*** Provided records ***
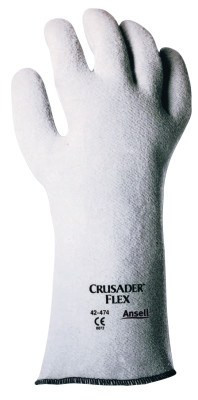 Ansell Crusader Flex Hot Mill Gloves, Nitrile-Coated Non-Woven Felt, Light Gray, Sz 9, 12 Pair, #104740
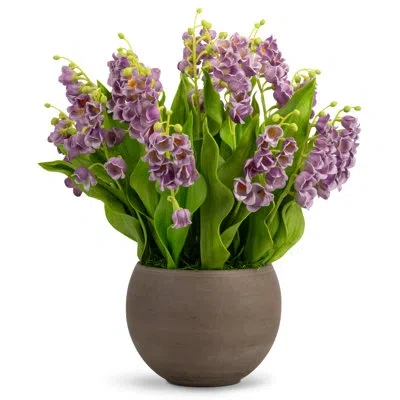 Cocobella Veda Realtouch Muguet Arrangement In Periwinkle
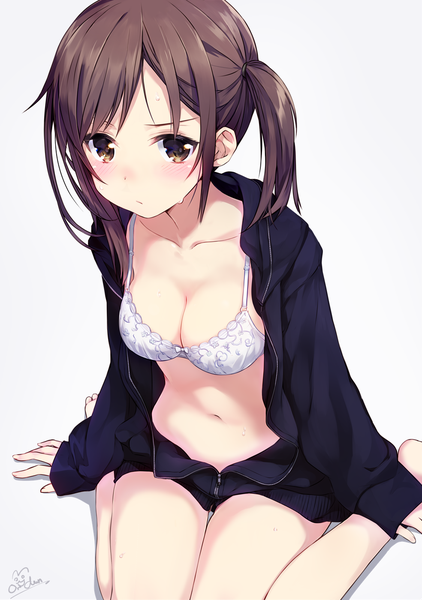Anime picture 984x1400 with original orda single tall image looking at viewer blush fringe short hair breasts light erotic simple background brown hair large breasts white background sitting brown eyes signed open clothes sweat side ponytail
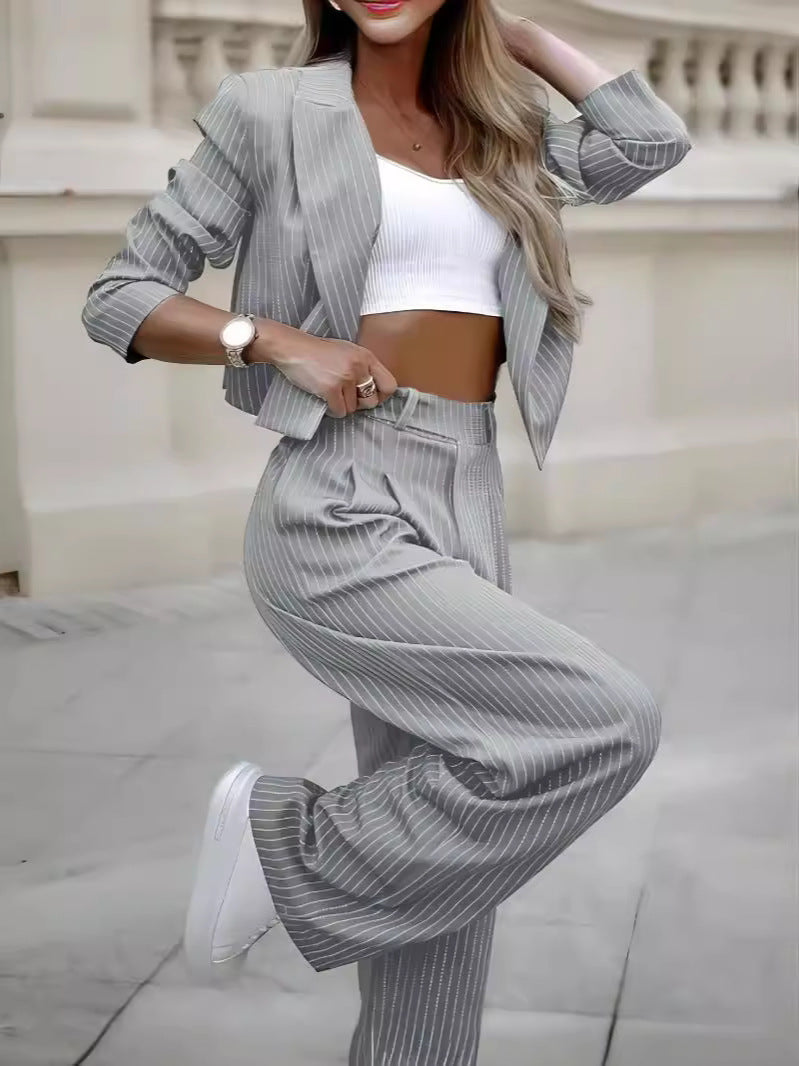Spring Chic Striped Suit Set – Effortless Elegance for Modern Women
*** End of Provided records ***
*** Provided records ***
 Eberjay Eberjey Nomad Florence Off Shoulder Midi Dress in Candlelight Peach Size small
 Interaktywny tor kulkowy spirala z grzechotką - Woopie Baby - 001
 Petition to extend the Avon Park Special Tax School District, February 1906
*** End of Provided records ***
• _What you have to do_
Range to copy from the records above: the line containing "Ansell Crusader Flex" to the line containing "Anime picture 984x1400", both included. Output those lines exactly and only those, skipping pictures.

• _Solution to this task_
 Ansell Crusader Flex Hot Mill Gloves, Nitrile-Coated Non-Woven Felt, Light Gray, Sz 9, 12 Pair, #104740
 Cocobella Veda Realtouch Muguet Arrangement In Periwinkle
Anime picture 984x1400 with original orda single tall image looking at viewer blush fringe short hair breasts light erotic simple background brown hair large breasts white background sitting brown eyes signed open clothes sweat side ponytail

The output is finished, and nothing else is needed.